Maham Rahimi, MD, PhD, a fifth-year vascular surgery resident, has been singled out by trauma, transplant and cardiac, to name a few off-service rotations, as having provided excellent, mature and outstanding care for patients. Since joining integrated vascular residency, Maham has been actively involved in the training of medical students has received praise from junior residents and rotating medical students for his dedicated to supervised responsibility and teaching both in the operating room and on the wards. He holds a patent for the Smart Chest Tube, a flexible and camera-equipped device developed with the Department of Mechanical and Materials Engineering at the UC College of Engineering and Applied Science to provide greater precision in locating and treating pleural effusion or fluid around the lungs, in cancer and pneumonia patients.
In addition to the residents and fellows, five attending physicians were honored with Doctors’ Day Awards by UC Medical Center. They were:
Satwant Singh, MD, professor in the Division of Nephrology, Kidney CARE Program, received the Exemplary Physician Award. The honor is given to the attending physician with a distinguished career at UC Medical Center who has made major contributions to its clinical mission of providing life-changing, patient-centered care and has significant participation in either; education of the next generation of health care professionals or innovation through ground-breaking research.
Louis B. Louis IV, MD, chief of cardiac surgery, received the Impact Award. The honor is given to the attending physician who has one to 10 years tenure at UC Medical Center and has demonstrated leadership and improvement in a specific area of the hospital. The honoree has introduced new skills/procedures, developed new programs, introduced new levels of professionalism and/or enhanced the delivery of patient care through the provision of cutting-edge research.

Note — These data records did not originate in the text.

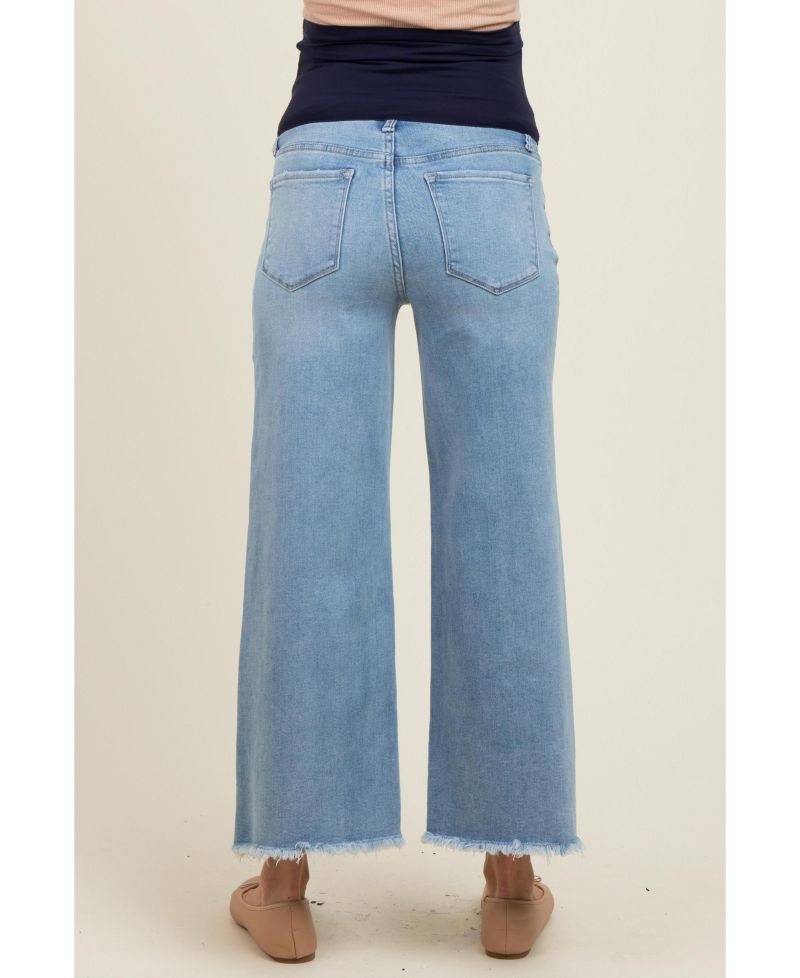 Maternity Blue Fringe Hem Ankle Wide Leg Jeans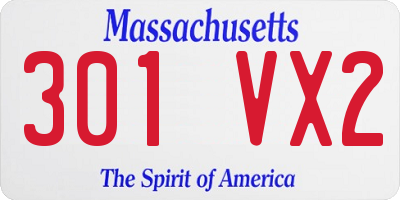 MA license plate 301VX2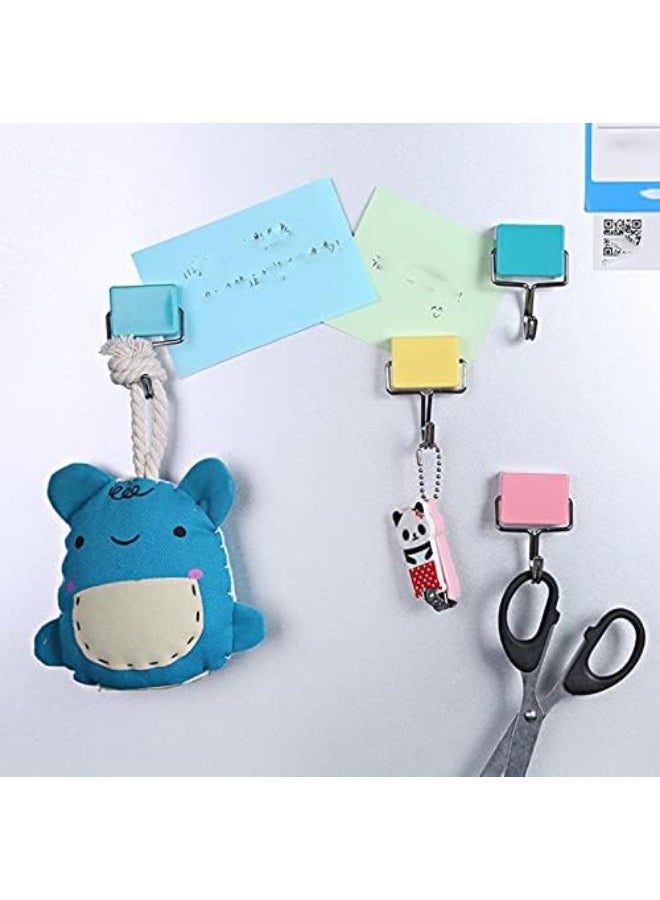 3 خطافات مغناطيسية ملونة، حمولة 2 كجم، خطافات مغناطيسية قوية، لا حاجة للحفر، مثبتة على الحائط، خطاف لاصق شديد التحمل، شماعات معدنية متعددة الأغراض تدور 180 درجة - Image 3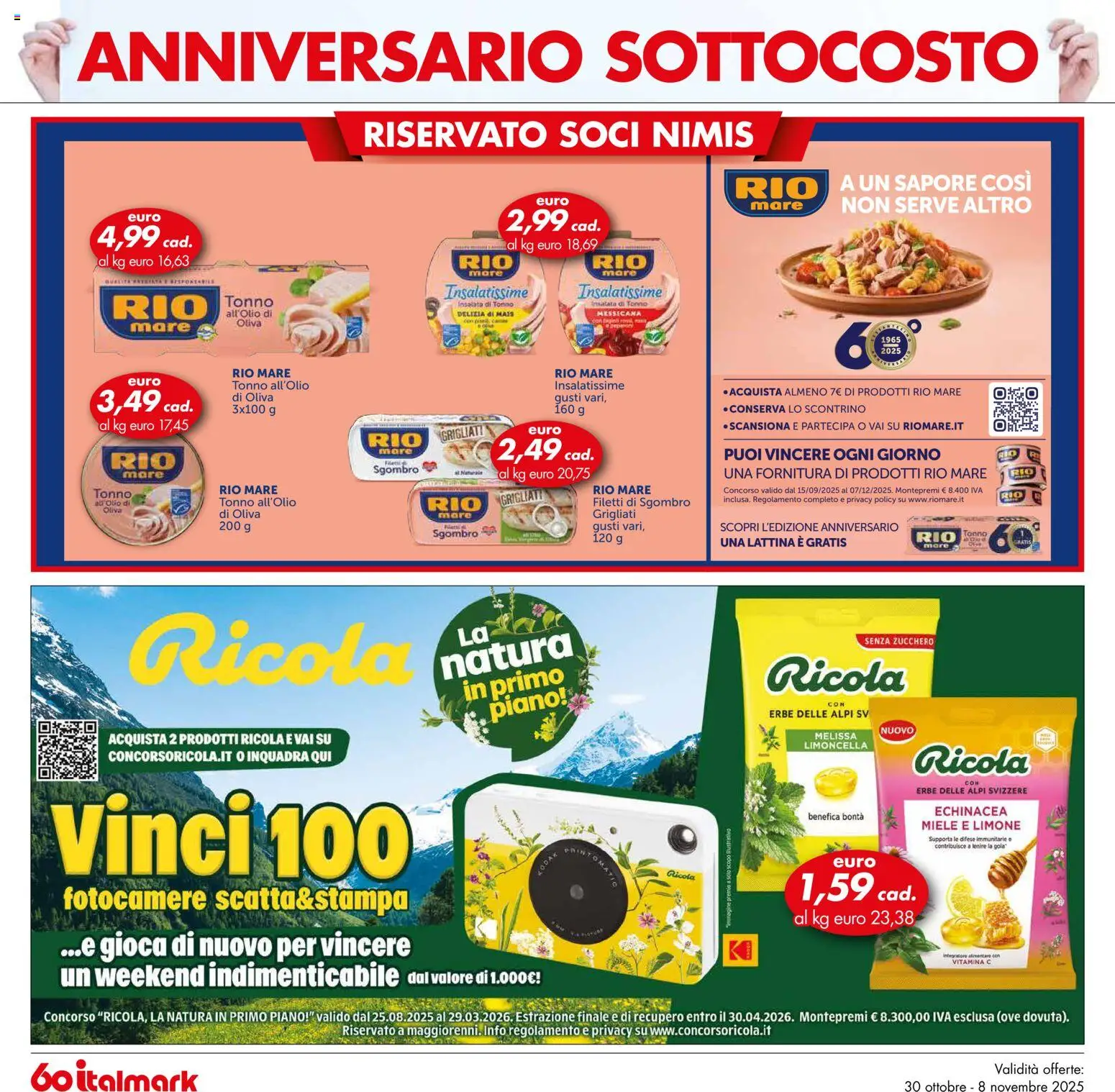 Volantino Italmark del 30.10.2025 | Pagina: 32 | Prodotti: Zucchero, Tonno, Mais, Miele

Vivek Narendran, MD, professor of pediatrics, received the Sustained Excellence Award. The honor is given to the attending physician who has provided clinical leadership over time, consistently leading by example, taking on difficult assignments, and promoting innovative approaches to longstanding issues. The honoree is recognized outside of her specialty and unit either as a leader/champion or behind the scenes removing obstacles and barriers
Renee Hebbeler-Clark, MD, assistant professor in the Division of Pulmonary, Critical Care and Sleep Medicine, has received the Collaborator Award, an honor given to the attending physician who has demonstrated success with multidisciplinary teams, developing strong positive physician and nursing relationship and advocating for solutions that resulted in sustained improvements.
Yash Patil, MD, associate professor in the Department of Otolaryngology, received the Clinical MVP Award. The honor is given to an attending physician who has a highly productive clinical practice who also maintains excellent clinical outcomes and high patient satisfaction. It recognizes the physician who makes a significant contribution to our inpatient, outpatient, and/or procedural patient care, quality and patient experience.